Assigned task –
Print the lines of the entries below from the one with "3150 East Beardsley" through the final line, exactly as they appear. The pictures are not part of the copy.

=-=-=-=-=

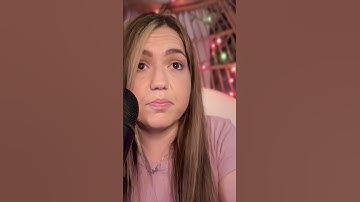 Your Body Knows When Something’s Off. Listen to It. #intuition #healing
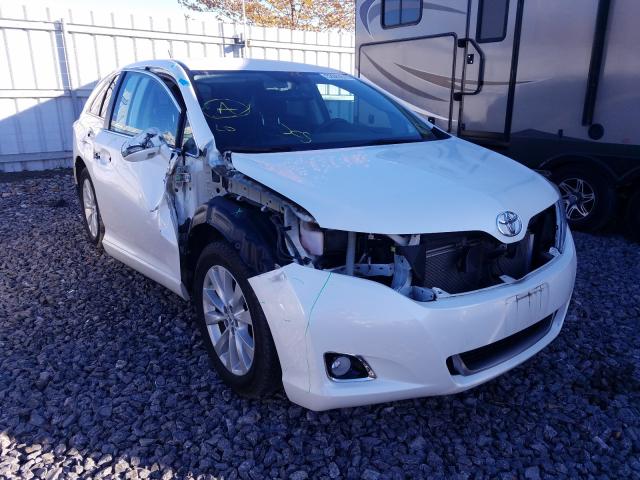 TOYOTA NULL 2015 4t3za3bb5fu089914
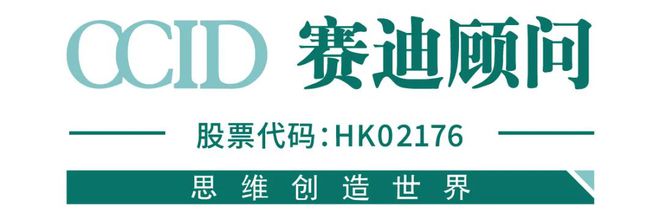 洞见2025｜2025年中国合成生物产业创新与投资趋势(图1)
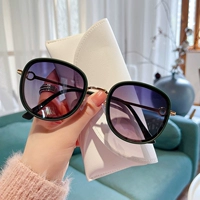 Серая зеленая коробка C3 C3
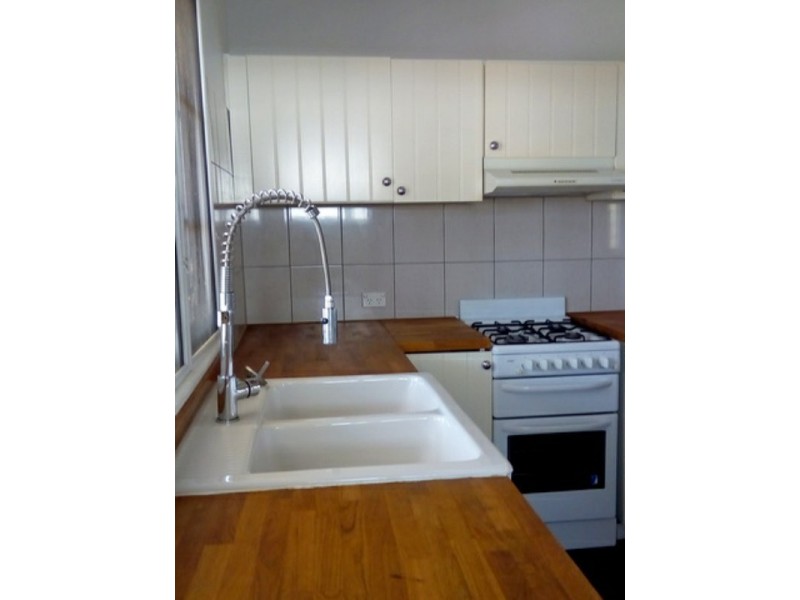 32 PELICAN DRIVE, Laidley Heights QLD 4341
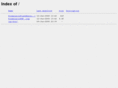 mmati.com
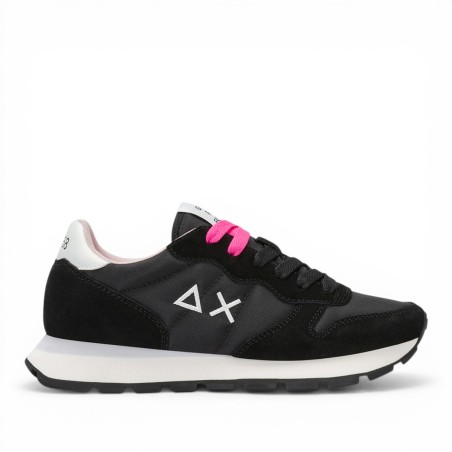 SUN68 - Sneakers Ally Solid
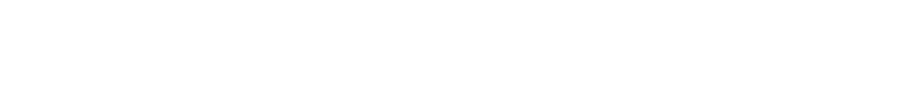 The Times Logo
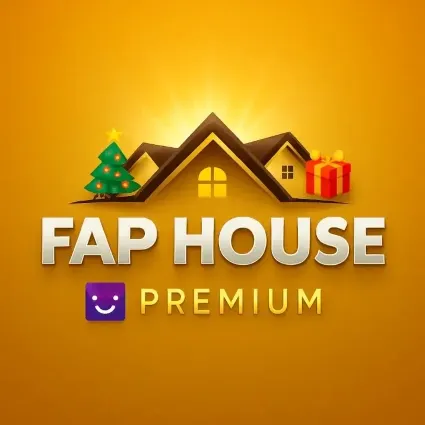 Членство Faphouse Ultra на 1/3/12 месяцев по собственно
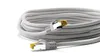 Goobay RJ45 Patch Cord CAT 6A S/FTP (PiMF), 500 MHz, con Anteprima dell’immagine prodotto 4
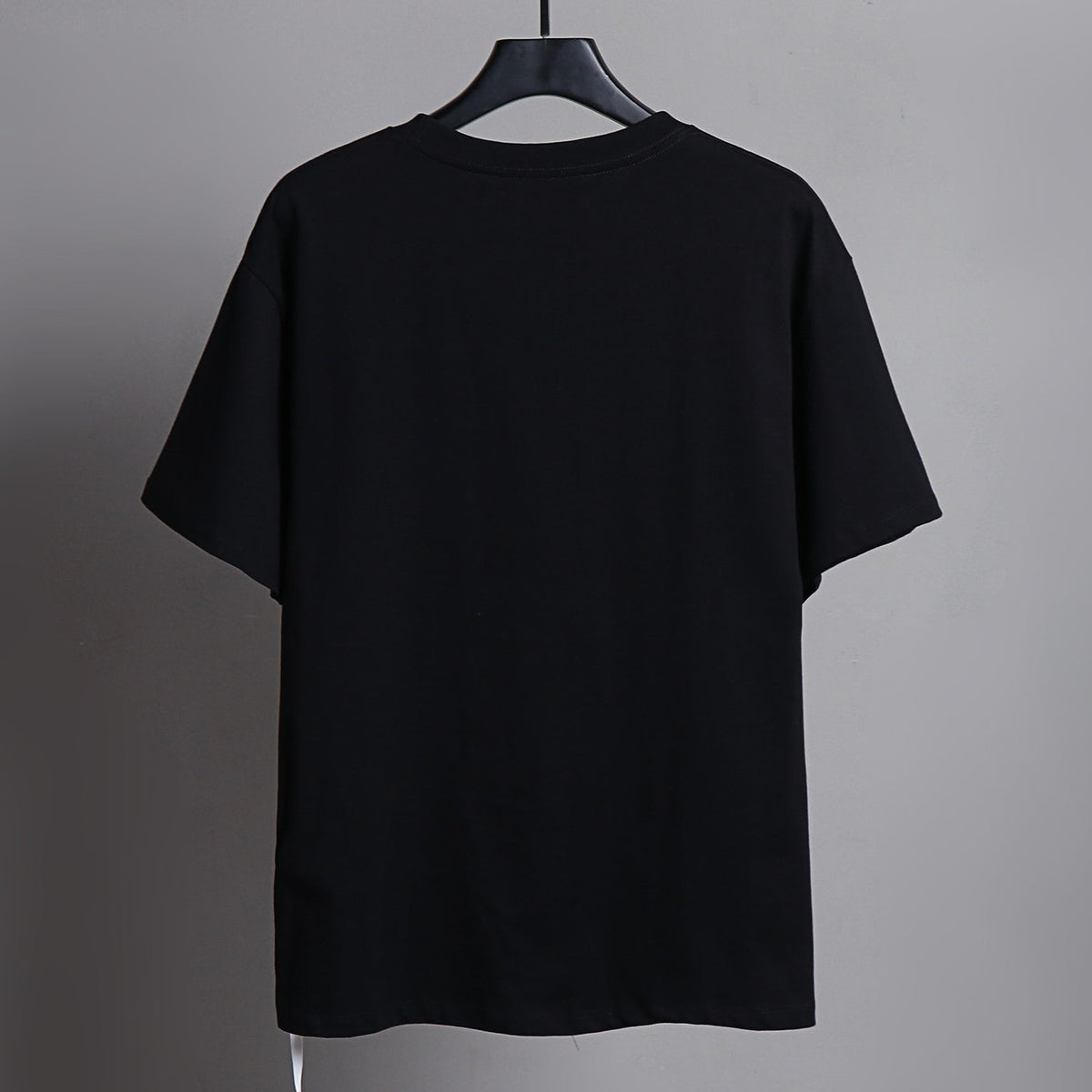 OFF-White Arrow logo print T-shirt#80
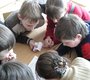 Intellectual Marathon in Secondary School (2009)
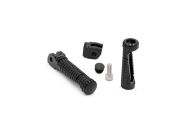 Състезателен комплект степенки за водач BLA GILLES RGK-310-UF18-SET-B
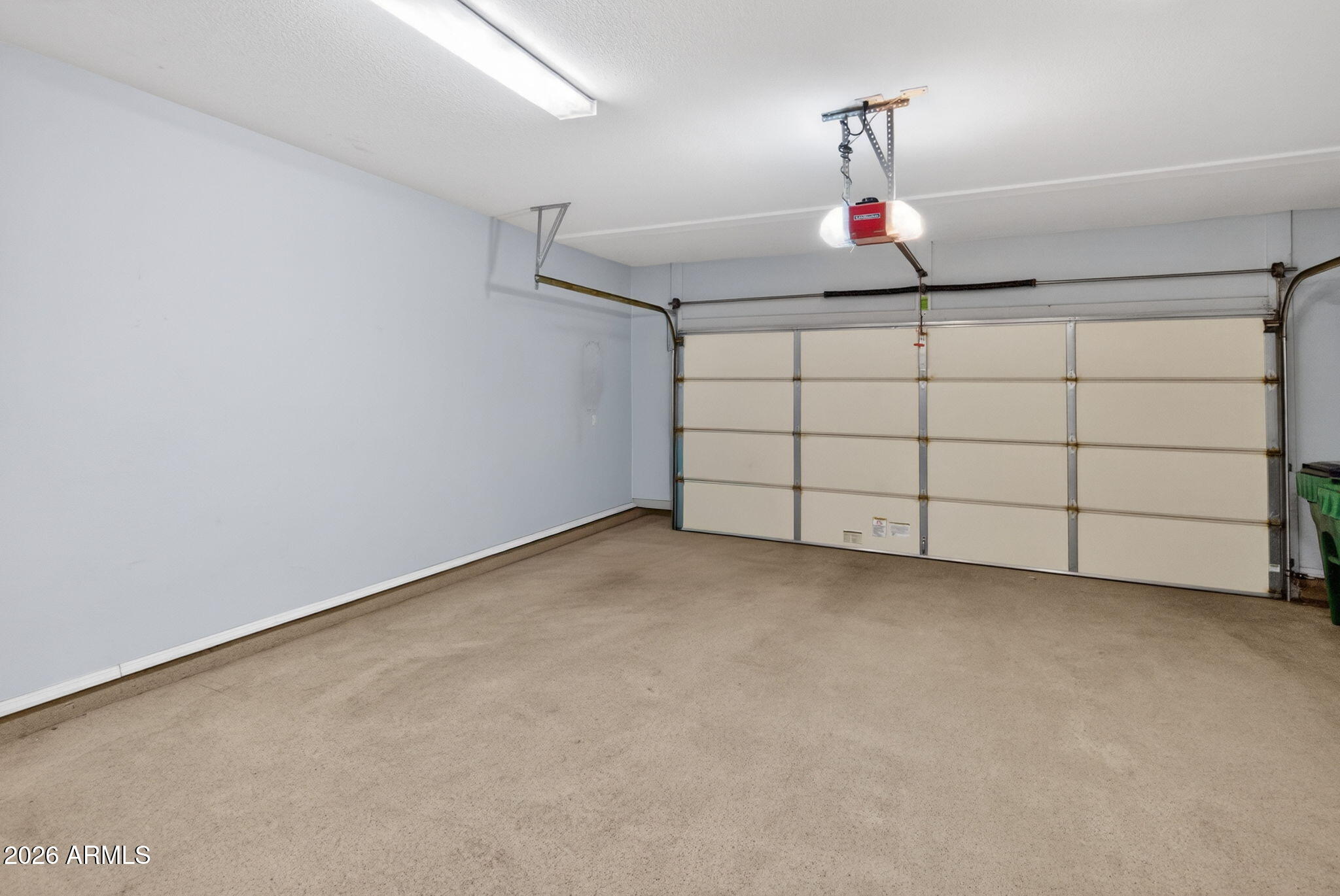 3150 East Beardsley Road, Unit 1010 Phoenix, AZ 85050 - Photo 26 of 31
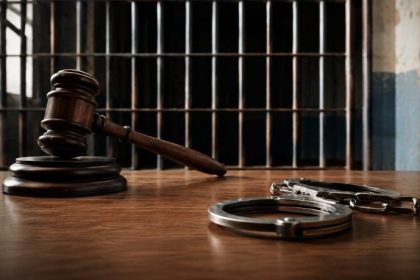 A IMPUNIDADE COMO POLÍTICA DE ESTADO: QUANDO O CRIME DEIXA DE TER MEDO DA LEI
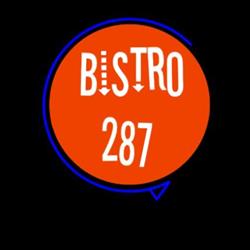 Bistro 287, Cestas - Horaires d'ouverture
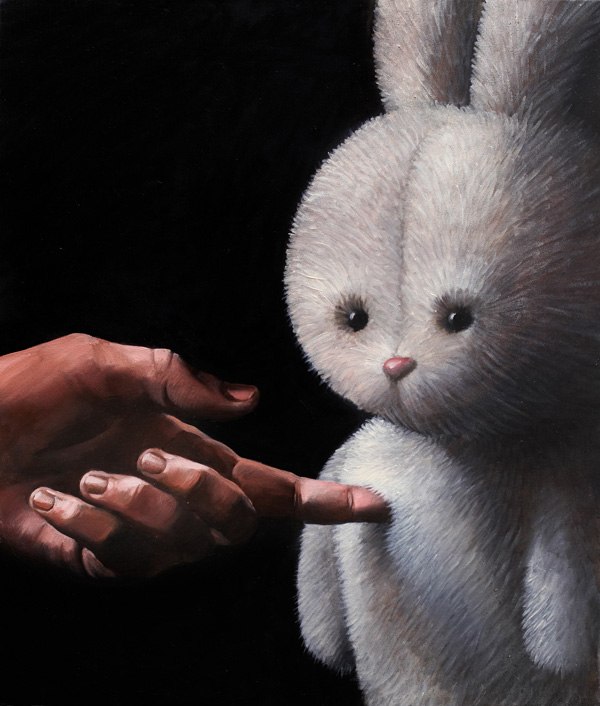 Александр Малышев Meliss | Москва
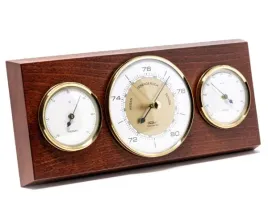 stacja-pogodowa-fischer-9103-22-001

=-=-=-=-=

Answer for the task –
 3150 East Beardsley Road, Unit 1010 Phoenix, AZ 85050 - Photo 26 of 31
 A IMPUNIDADE COMO POLÍTICA DE ESTADO: QUANDO O CRIME DEIXA DE TER MEDO DA LEI
 Bistro 287, Cestas - Horaires d'ouverture
 Александр Малышев Meliss | Москва
 stacja-pogodowa-fischer-9103-22-001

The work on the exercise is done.